** Recorded information follows **
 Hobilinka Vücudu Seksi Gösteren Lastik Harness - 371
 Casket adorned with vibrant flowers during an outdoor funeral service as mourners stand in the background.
** End of Recorded information **
** Recorded information follows **
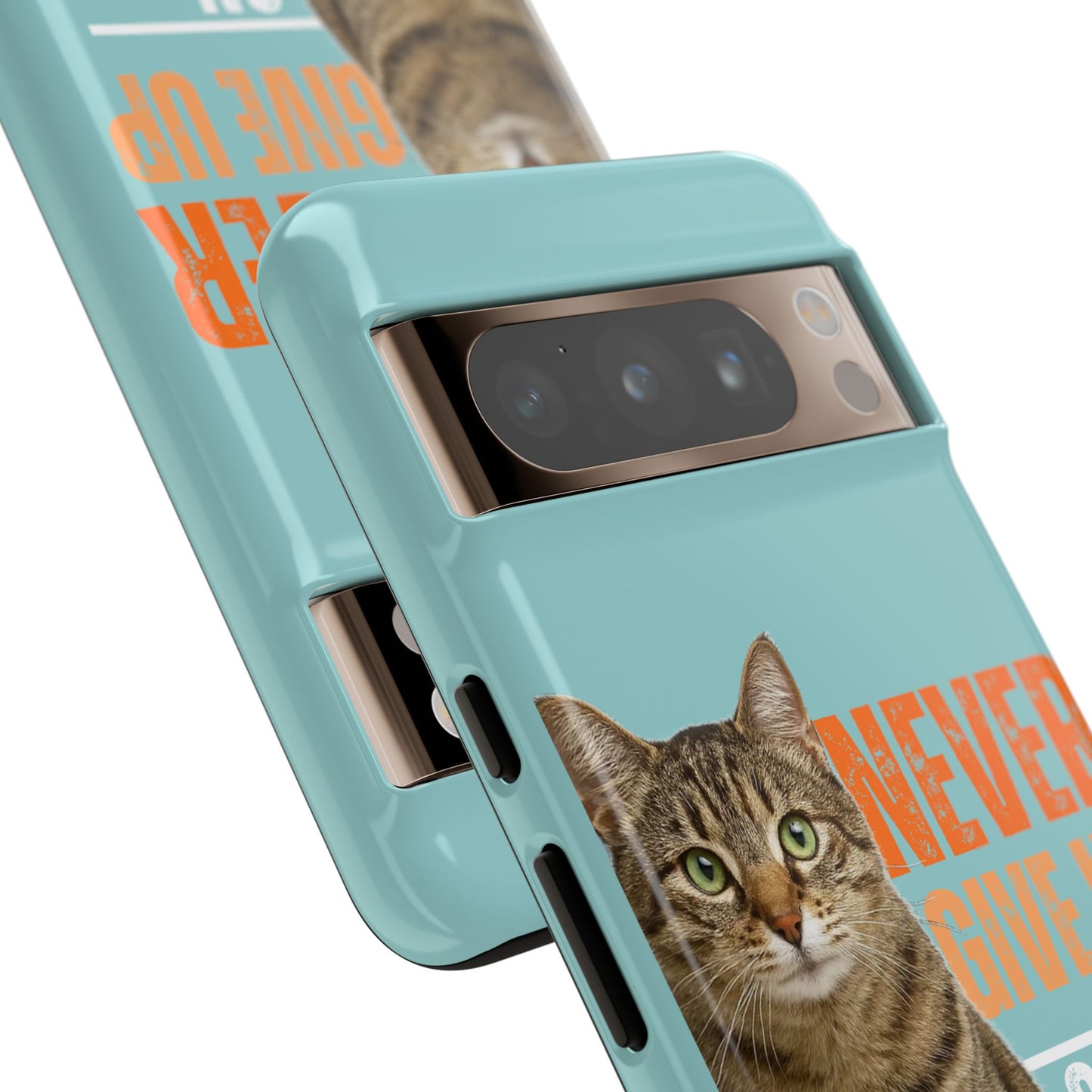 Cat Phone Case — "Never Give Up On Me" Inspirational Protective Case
** End of Recorded information **
** Recorded information follows **
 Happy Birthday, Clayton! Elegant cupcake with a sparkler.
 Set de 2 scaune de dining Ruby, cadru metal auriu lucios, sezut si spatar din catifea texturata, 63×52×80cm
** End of Recorded information **
[Work to be completed] Would you count the lines of the listing above that hold the string "with" and give only the resulting number?

[Task result] 2